В следующей анкете он уже называет себя журналистом, сообщает, что женат, учится на четвёртом курсе университета, знаком с немецким и французским языками, самостоятельно изучает труды Маркса, Энгельса, Ленина, Плеханова, Каутского.
Анкета в 1924 году: Пальгунов участвует в бесчисленном ряде комиссий, работает в редакции «Северного», уже может свободно излагать мысли на французском языке, пишет по-немецки. Сообщает о причине освобождения от воинской обязанности – близорукость в 11 диоптрий. Очередной губернский съезд Советов обозначил первоочередные задачи газеты: сокращение советского аппарата, борьба с канцелярским бюрократизмом и волокитой, кооперативное движение, организация сети трудовых сберкасс, борьба с детской безнадзорностью. И главное требование к газете – увеличить тираж до 10 тысяч экземпляров.
Борьба за подписку велась самыми разнообразными методами. Прежде всего газета заявила, что берёт под свою защиту рабкоров. В рубрике «Рабоче-крестьянская жизнь» печаталось до 40 писем и сигналов. Подписи: Сыч, Бедный, Горемычный, Новатор, Оса, Сверло... Прошла неделя печати, состоялся вечер читателей, праздник тиража. В одном из номеров были напечатаны дружеские шаржи со стихами на ведущих сотрудников. В стишке о редакторе Венедиктове мелькнули строчки: «Иль вновь дискуссию он с Пальгуновым затевает?» Николай Григорьевич уже замредактора газеты. Появилась новая рубрика «Кто нас окружает?». Подвал о Финляндии подписан «Н.Г.», «Ответ рабочему» – корреспонденция по критическим письмам. Март закончился победой – 10 тысяч были на счету редакции. И тут же новый лозунг: даешь 15 тысяч!
Но редактор А. Венедиктов исчез со своего поста. Возможно, перешёл в партийный аппарат или «не оправдал доверия». Редактором был назначен Г. Ржанов, и газета мгновенно «отяжелела». Появились скучные солидные отчёты, теоретические статьи.
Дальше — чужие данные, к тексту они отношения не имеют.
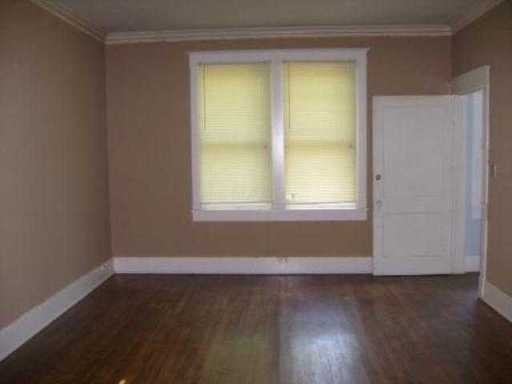 1275 Vinton Ave - Photo 2 of 4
Ржанов продержался четыре месяца. 8 августа 1924 года газету подписал ответственный редактор Николай Пальгунов.
Через несколько дней «Северный рабочий» начал стремительно меняться. На первой странице печатались международные подборки из кратких, ёмких информаций, подготовленных опытной рукой. Стали регулярно выходить обзоры международных и местных событий, подписанные А. Афиногеновым, будущим известным драматургом, яркие, живые, эмоциональные. По-новому зазвучали давнишние рубрики: «Отклики и размышления», «Среди книг и журналов», «Беседы с рабочими» – аннотации к письмам и вопросам читателей, «Через сито» – иронические заметки в несколько строк, со стихами на материалы поступивших жалоб, «Справочный отдел». Ответы недоброжелателям, например, такие: «Ваши опровержения ничего не опровергают, так как основаны на одних словах». За каждой такой фразой слышится насмешливый и уверенный голос редактора. Новые черты редакционной жизни: введено вечернее дежурство с 6 до 8 часов для максимального удобства читателей и корреспондентов, сообщалось о скором открытии ежедневного приложения «Ярославская деревня».
Следующий этап – редактор «Курской правды». Осенью 1929 года Пальгунов начал учёбу на курсах журналистов-международников, организованных ТАСС.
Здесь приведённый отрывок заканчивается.